Restate all data exactly. No images.

● Data section:
Content starts
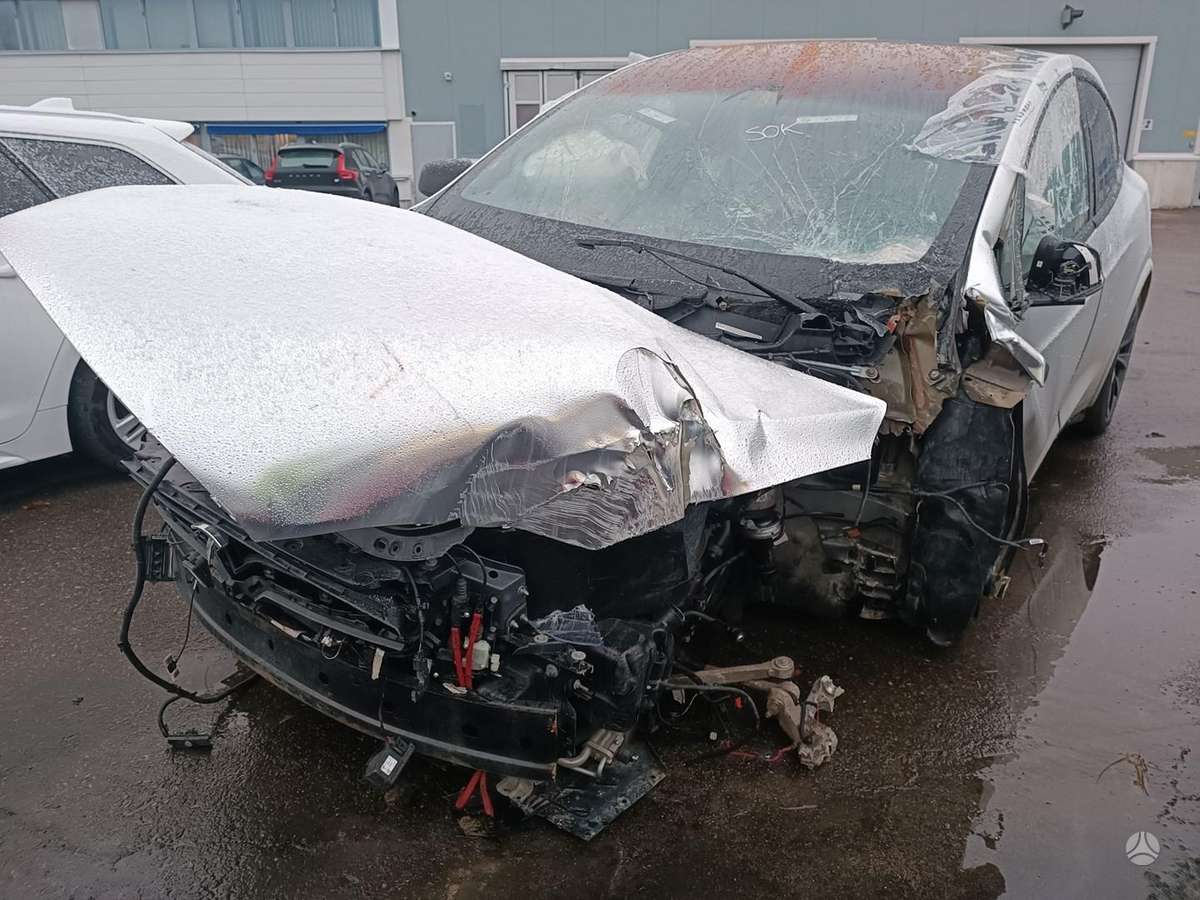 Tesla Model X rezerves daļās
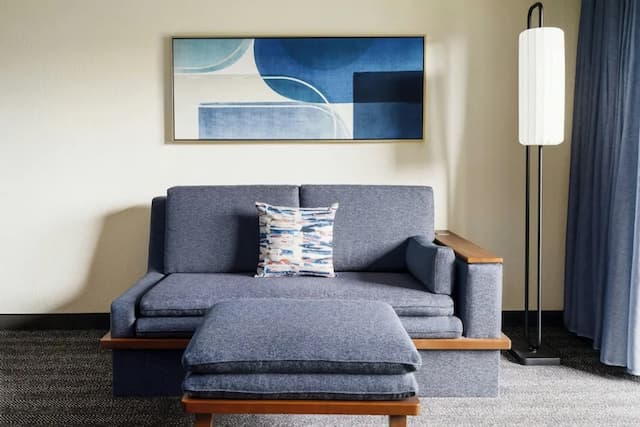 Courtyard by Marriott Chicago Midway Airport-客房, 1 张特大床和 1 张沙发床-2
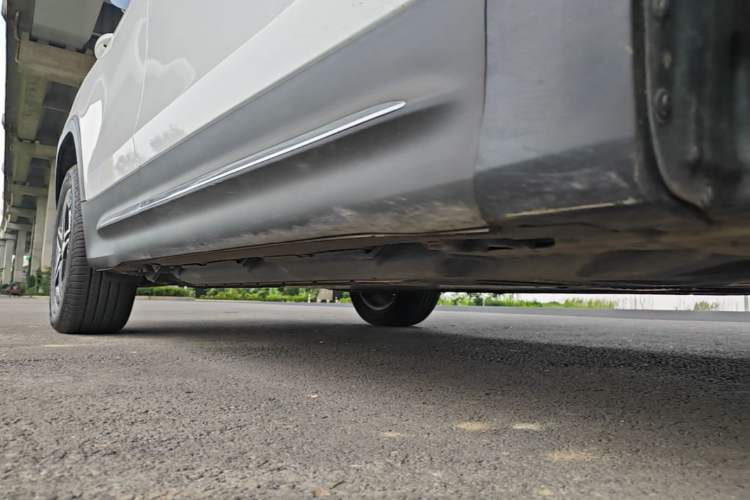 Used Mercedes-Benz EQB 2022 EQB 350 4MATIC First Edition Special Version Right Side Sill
Content ends
● Finished exercise:
 Tesla Model X rezerves daļās
 Courtyard by Marriott Chicago Midway Airport-客房, 1 张特大床和 1 张沙发床-2
 Used Mercedes-Benz EQB 2022 EQB 350 4MATIC First Edition Special Version Right Side Sill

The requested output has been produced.